Come la globalizzante 'M' di McDonald’s che il giapponese Takashi Homma insegue, tra il 2000 e il 2010, in ogni angolo del mondo: a qualsiasi latitudine longitudine, c’è un’insegna del colosso americano a guidarci, da Los Angeles a Helsinki, dalle Hawaii a Milano, fino alle vette del Monte Bianco. «Nonostante la distanza – nota Zanot –, i negozi appaiono simili tra loro. Simili, ma non uguali. Come a rappresentare permanenza e cambiamento.

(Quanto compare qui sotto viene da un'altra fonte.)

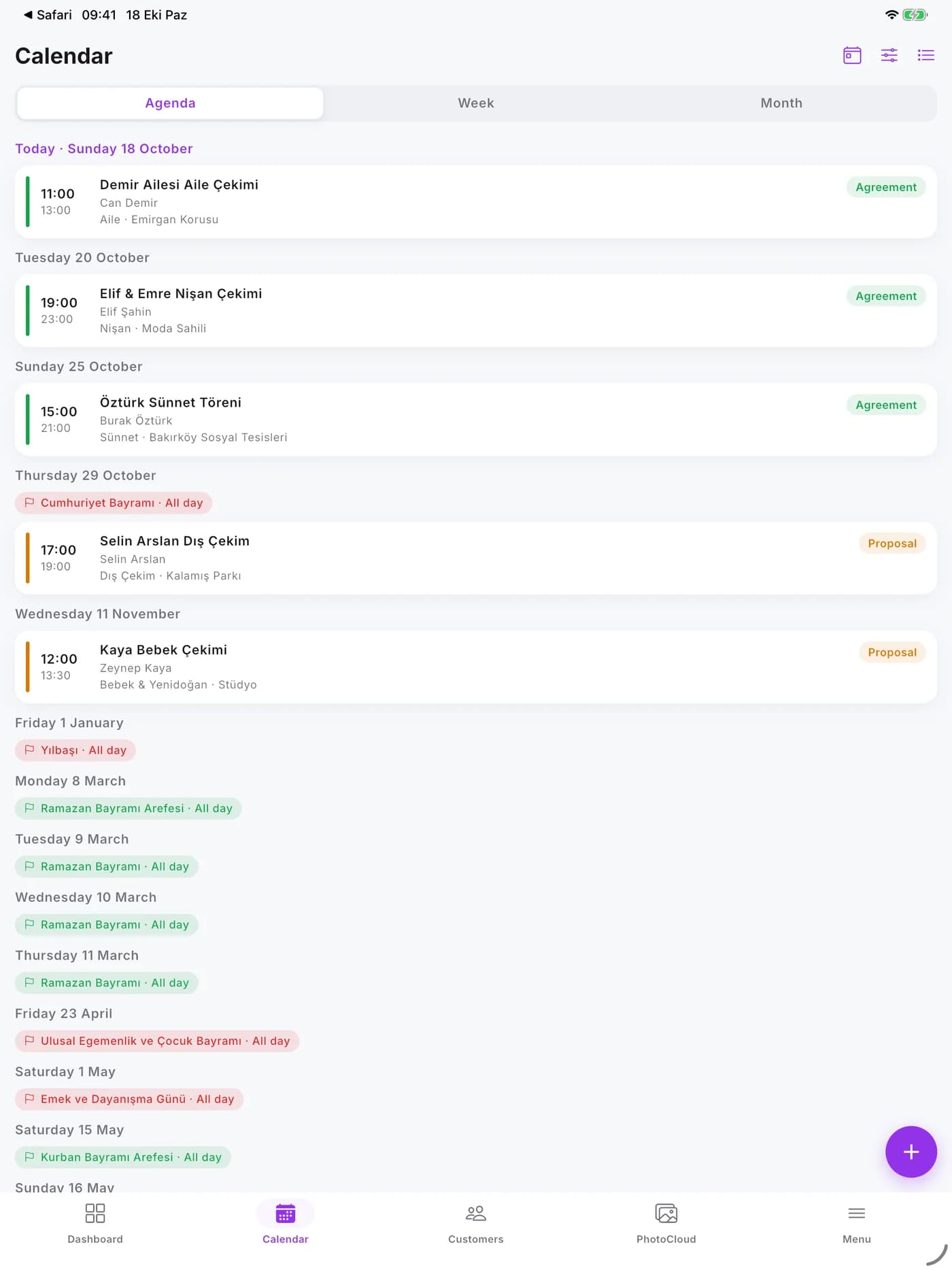 Calendar on iPad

Non-luoghi per eccellenza questi spazi offrono una duplice esperienza, che passa inevitabilmente anche attraverso la standardizzazione del cibo offerto: c’è il conforto della riconoscibilità, ma anche il disagio che viene dalla sensazione di spostarsi per restare sempre fermi nello stesso posto». Il viaggio nel mondo culturale e industriale del food prosegue con le nature morte di Jan Groover, le visioni tecnologiche con Google Earth di Mishka Henner, lo sfruttamento dei territori per gli allevamenti intensivi denunciato da Henk Wildschut, le condizioni del fiume Sesia di Maurizio Montagna, le fotografie oggettive di Hans Finsler' con la serie del 1928 su commissione dell’azienda dolciaria Most, San Giorgio in Poggiale, e gli spezzoni di vita in tutto il mondo del francese Bernard Plossu. E se Vivien Sansour con il progetto “Palestine heirloom seed library”, si è impegnata nella salvaguardia delle antiche varietà di semi, la raccolta delle storie e la protezione della biodiversità («Un atto di resistenza, che combina ecologia e politica»), Lorenzo Vitturi ci porta a Lagos, in Nigeria, nel mercato di Balogun, uno dei più grandi del mondo, lungo due chilometri, con migliaia di bancarelle e dove si può trovare di tutto, purtroppo sempre più made in Cina. Il motto-appello di Vitturi è «Money must be made». I soldi devono essere fatti. La sfida è sul come. Basta una foto, a volte, per capirlo. Senza parole. Senza numeri. Un’economia che si fotografa con gli occhi. E uno specchio, dotato di memoria, per ricordarci sempre chi siamo e da dove veniamo.